Kota reliquaries were once ancestral guardians in Central Africa, holding baskets with their bowed arms that cradled bones, their benevolent bodies carved from wood and wrapped in formed metal. Kota: Digital Excavations in African Art — which opens October 16 at the Pulitzer Arts Foundation in St. Louis — is the first exhibition to focus on them in-depth, and involves a digital experience where visitors discover forgotten patterns and connections in the faded art.
Most of the reliquaries were made between the 17th to 20th centuries and their creation was halted by colonialism, especially when foreign missionaries in the 1930s exerted their control in today’s Republic of Congo and Gabon. The “digital excavation” into their lost history is a project by Belgian computer scientist Frederic Cloth, who developed a database of surviving Kota reliquaries, included in the exhibition as the Kota Data Cloud designed by Rampant Interactive.
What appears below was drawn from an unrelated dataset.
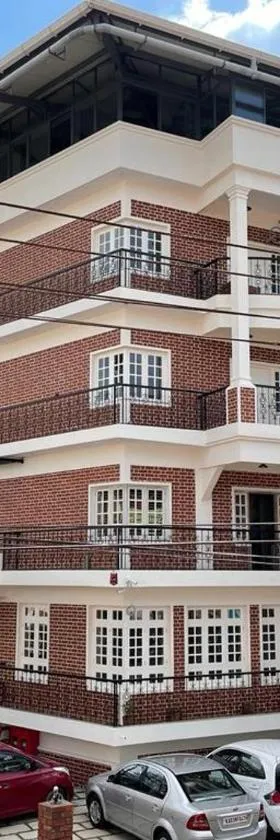 Red Bricks Inn，位于马迪凯里的酒店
“There’s a lot of missing information, and we don’t really know as much about these objects as we’d want, about the makers, and when they were collected,” Cara Starke, director of Pulitzer Arts Foundation, told Hyperallergic. “For 15 to 20 years [Cloth] has been collecting data on these Kota, including hand-drawing all the extant ones, which is about 2,000.”
Kota includes 50 reliquaries on loan from various collections. Cloth co-curated the exhibition with former Pulitzer director Kristina Van Dyke, and the digital and physical experiences are meant to intertwine, harnessing computer science as a new way to interpret the reliquaries.
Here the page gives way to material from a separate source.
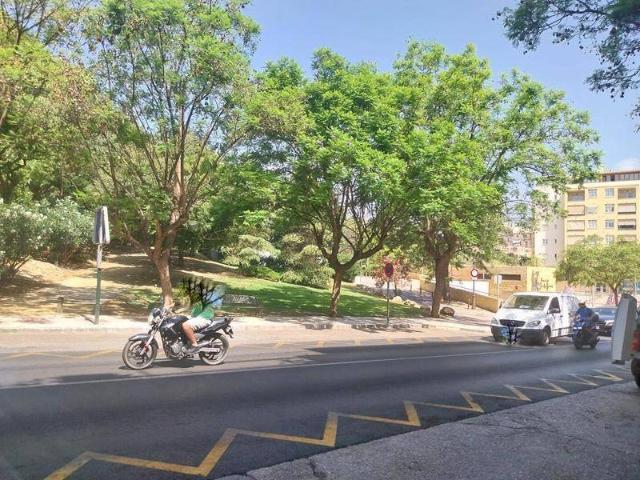 Local Comercial en venta en Estepona, Barriada Islas Canarias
“Our show is trying to both offer the opportunity to experience and look at these Kota, and also understand the methodologies that [Cloth] went through,” Starke said. She explained that on the Kota Data Cloud, visitors can make their own groupings of Kota with a touchscreen, maybe putting those together with circular eyes, or corralling those with rectangular ears. “It’s getting people to think about and look at this level of detail when they go back into the show,” she said.
The Kota Data Cloud and its underlying research have revealed some previous unknowns about the Kota, such as a one-to-two ratio of male and female figures, suggesting they were meant to be assembled in groups of three. Analysis of style evolutions has indicated artist workshops that may have stretched over generations. Kota is the first public demonstration of the database, presented in a digital experience by Rampant Interactive, a software and gaming studio, which will have a five-month residency at the Pulitzer during the exhibition. Along with the Kota Data Cloud, another Rampant Interactive experience called the Kota Protolab invites visitors to form their own digital reliquaries that can be 3D printed.
Each reliquary stands between eight and 30 inches tall — though the bone baskets mostly no longer exist, although one is included in the show — and Kota treats each as an individual, inviting visitors to delve into their history as ritualistic spiritual artifacts, and the artistic tradition behind their centuries of creation.
“From my perspective, the hope is that when someone walks away, it heightens their ability to look at these objects and focus in on things like the shape of the eyes, that there is a necklace on another,” Starke said. “It’s not getting into material things like wood and the metal, but is very much about looking.”
Kota: Digital Excavations in African Art is October 16, 2015 to March 19, 2016 at the Pulitzer Arts Foundation (3716 Washington Boulevard, St. Louis).